== The task ==
Your answer should hold exactly the lines below from the line with "We know that" through the line with "The next feature", both included, and no pictures at all.

== Data excerpts ==
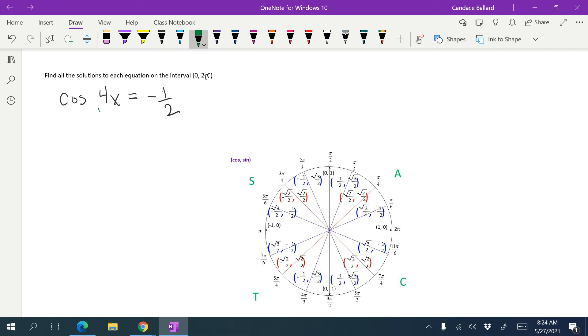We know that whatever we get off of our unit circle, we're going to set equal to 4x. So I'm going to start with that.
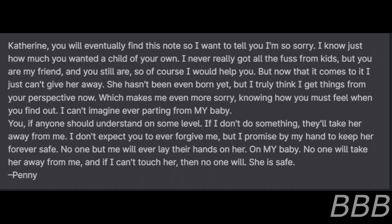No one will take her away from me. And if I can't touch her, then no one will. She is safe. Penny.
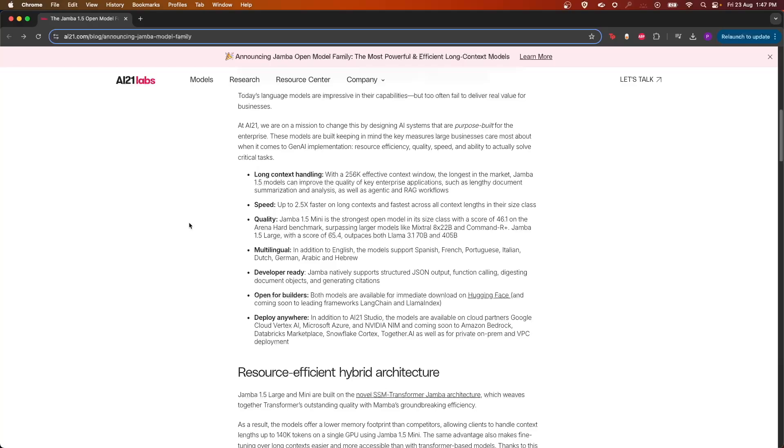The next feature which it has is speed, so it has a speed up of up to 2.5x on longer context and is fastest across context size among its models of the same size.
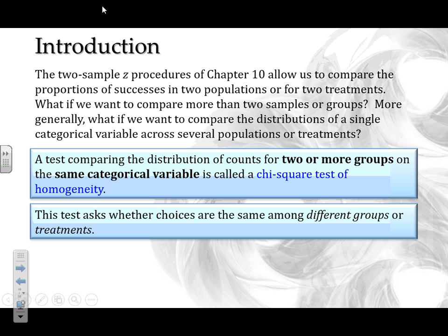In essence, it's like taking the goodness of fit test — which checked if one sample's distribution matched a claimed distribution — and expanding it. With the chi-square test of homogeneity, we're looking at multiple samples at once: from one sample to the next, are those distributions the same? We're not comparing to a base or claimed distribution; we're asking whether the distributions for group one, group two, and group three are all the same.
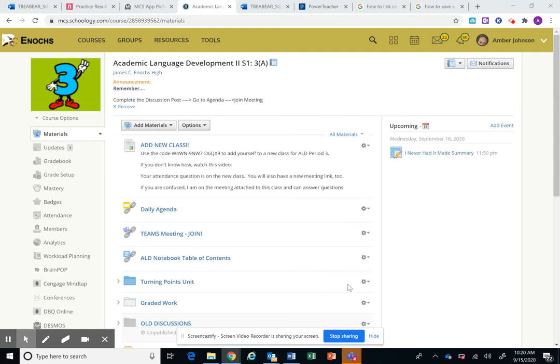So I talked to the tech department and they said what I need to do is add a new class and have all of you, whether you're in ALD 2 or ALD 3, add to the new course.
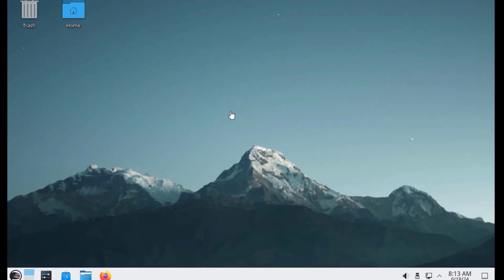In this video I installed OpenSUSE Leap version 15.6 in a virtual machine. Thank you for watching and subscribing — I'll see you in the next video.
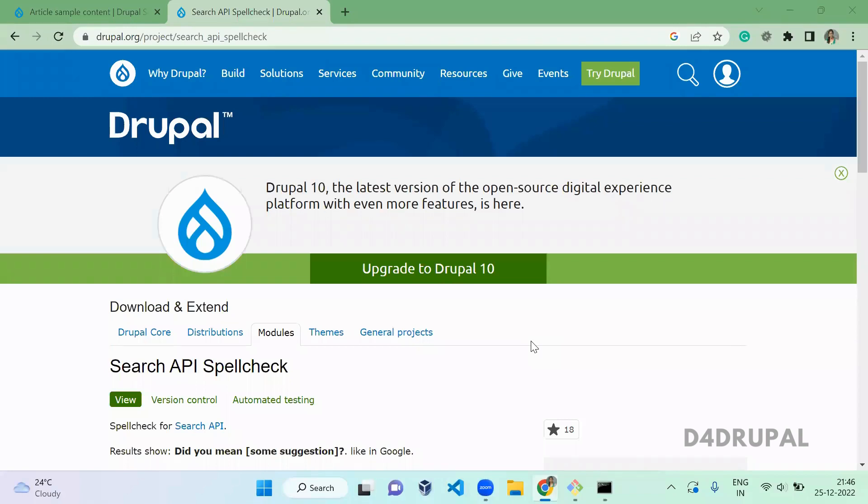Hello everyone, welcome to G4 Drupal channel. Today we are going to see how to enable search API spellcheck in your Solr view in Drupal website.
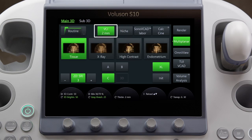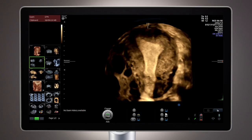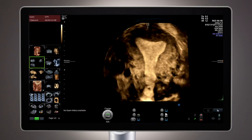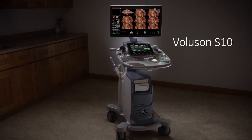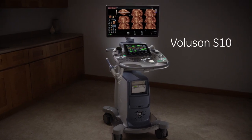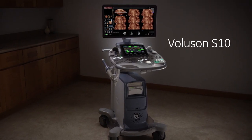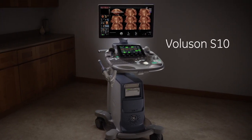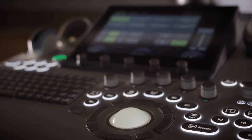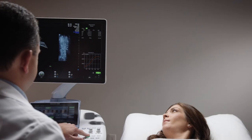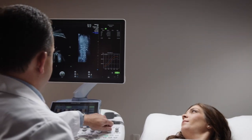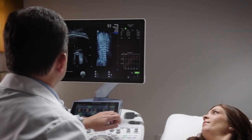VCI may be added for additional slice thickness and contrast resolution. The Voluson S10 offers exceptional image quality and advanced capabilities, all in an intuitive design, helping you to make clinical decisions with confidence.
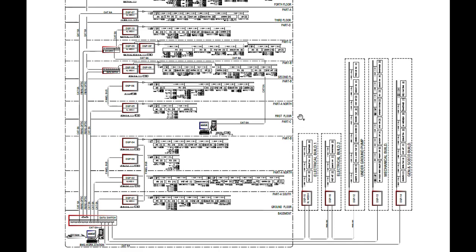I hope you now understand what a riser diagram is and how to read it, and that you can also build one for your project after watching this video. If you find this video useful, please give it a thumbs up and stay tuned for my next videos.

...

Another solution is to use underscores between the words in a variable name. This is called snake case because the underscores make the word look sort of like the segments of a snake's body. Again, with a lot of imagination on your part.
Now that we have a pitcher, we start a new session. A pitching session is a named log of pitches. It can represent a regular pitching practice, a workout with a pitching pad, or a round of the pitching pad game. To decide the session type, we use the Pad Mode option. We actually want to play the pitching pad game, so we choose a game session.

== Finished exercise ==
We know that whatever we get off of our unit circle, we're going to set equal to 4x. So I'm going to start with that.
No one will take her away from me. And if I can't touch her, then no one will. She is safe. Penny.
The next feature which it has is speed, so it has a speed up of up to 2.5x on longer context and is fastest across context size among its models of the same size.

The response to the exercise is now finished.